No image is to be carried over; reproduce the rest of the listing word for word.

▶ DATASET CONTENT
☆ ☆ ☆ ☆ ☆ ☆ ☆

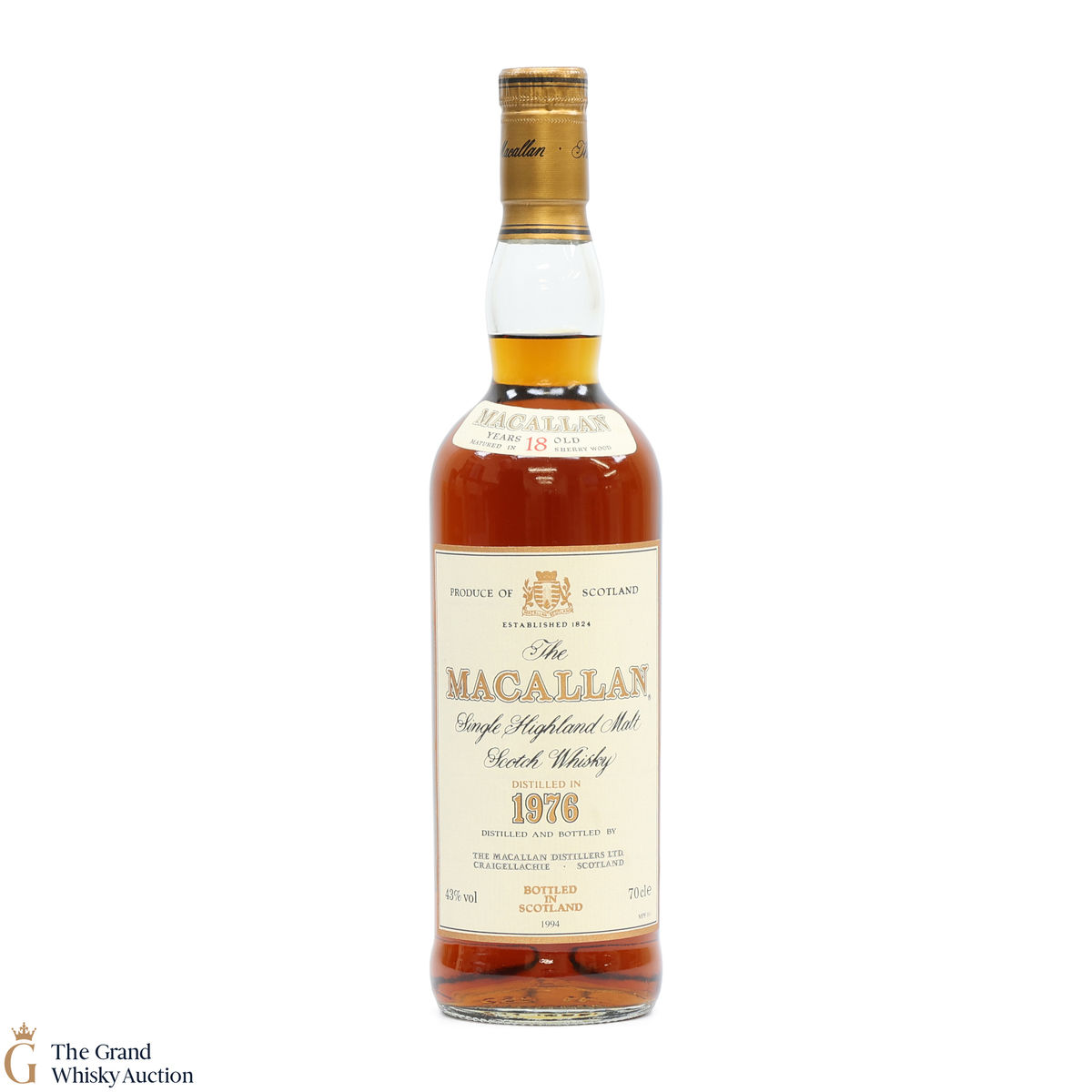 Macallan - 18 Year Old - 1976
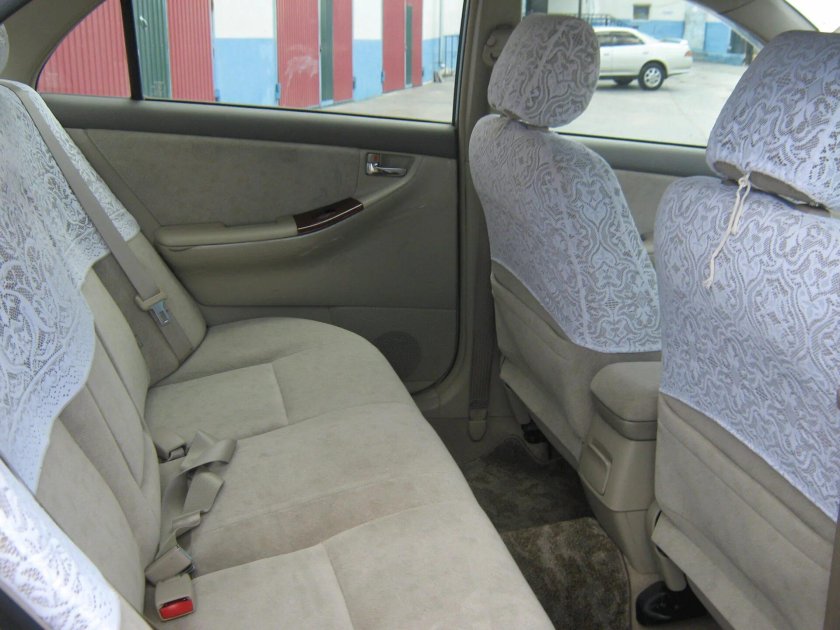 Королла 110 кузов салон сиденье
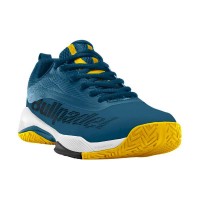 Tênis Bullpadel Performance Hybrid 24I Steel Blue  Oferta + Barato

☆ ☆ ☆ ☆ ☆ ☆ ☆

▶ SOLUTION FOR THIS PROBLEM
 Macallan - 18 Year Old - 1976
 Королла 110 кузов салон сиденье
 Tênis Bullpadel Performance Hybrid 24I Steel Blue  Oferta + Barato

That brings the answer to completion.